SDTM and CDASH: Why You Need Both

CDASH and SDTM are each optimized for different purposes, and the philosophy behind each drives the design. SDTM represents cleaned, final CRF data organized in a predictable format that facilitates data transmission, review and reuse. CDASH collects the data in a user-friendly, EDC/CRF-friendly way that maximizes data quality and flows smoothly into SDTM. While most of the data is the same in both standards, each standard is designed for different purposes; therefore, differences do exist, both in philosophy and implementation.

Missing Data

Take missing data, for example. SDTM assumes the data is clean. Missing data is assumed to be verified; therefore, no placeholders appear in the datasets. This means that, if a subject had no adverse events (AEs) in the study, they will not be represented in the AE dataset. With CDASH, conversely, absence of evidence is not evidence of absence. No AE data received for a subject does not mean the subject experienced no AEs. It only means that no AE data was received, which must be verified. This is why CDASH includes indicator questions such as “Were any adverse events experienced?”

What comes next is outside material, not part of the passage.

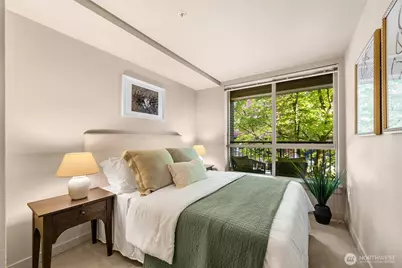 1420 E Pine Street #E203, Seattle, WA 98122 - Photo 16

CDASH - Absence of evidence is not evidence of absence; must check that missing data is missing:

SDTM - Show me the data, not lack of data

Rationale

SDTM assumes that if there is no record then nothing happened. This only works if no record was checked in data capture, which requires a question and record (e.g., Were there any AEs?)

Non-Standard Variables

Non-standard variables are another example. Every study includes questions that are not defined by CDASH. In SDTM, these questions go into a separate dataset and are linked to their “parent” data via a third dataset called RELREC. Consequently, extra variables can be stored predictably without changing the “parent” dataset design. In data capture, this set up is often clumsy, separating closely related variables onto different CRFs/screens. Instead, CDASH lets non-standard variables exist on the same record as the rest of the “parent” data, and RELREC is not used.

The following examples illustrate additional philosophical differences between CDASH and SDTM:

Human vs Machine Readable Data

SDTM

Machine-readable: Dates/Times: ISO 8601, 1 variable, YYYY-MM-DDThh:mm:ss Duration: P1M3D

CDASH

Human-readable: Dates/Times: 2 or more variables, DD- MM-YYYY, HH:MM:SS Duration: 1 month, 3 days

Rationale

SDTM machine-readable formats for variables, such as dates, are good for data reusability, but are not user-friendly for data capture. There is more chance for error when people record data in unfamiliar formats.

Data Organization

Each CRF should include the data that make sense to collect together. CDASH allows us to put variables for more than one domain on a CRF provided that standard variable names are used, and that, in the end, the data appear in the right domains. In SDTM, data MUST appear only in the correct domain.

CDASH – Data on each CRF is driven by what is captured together, not necessarily by domain.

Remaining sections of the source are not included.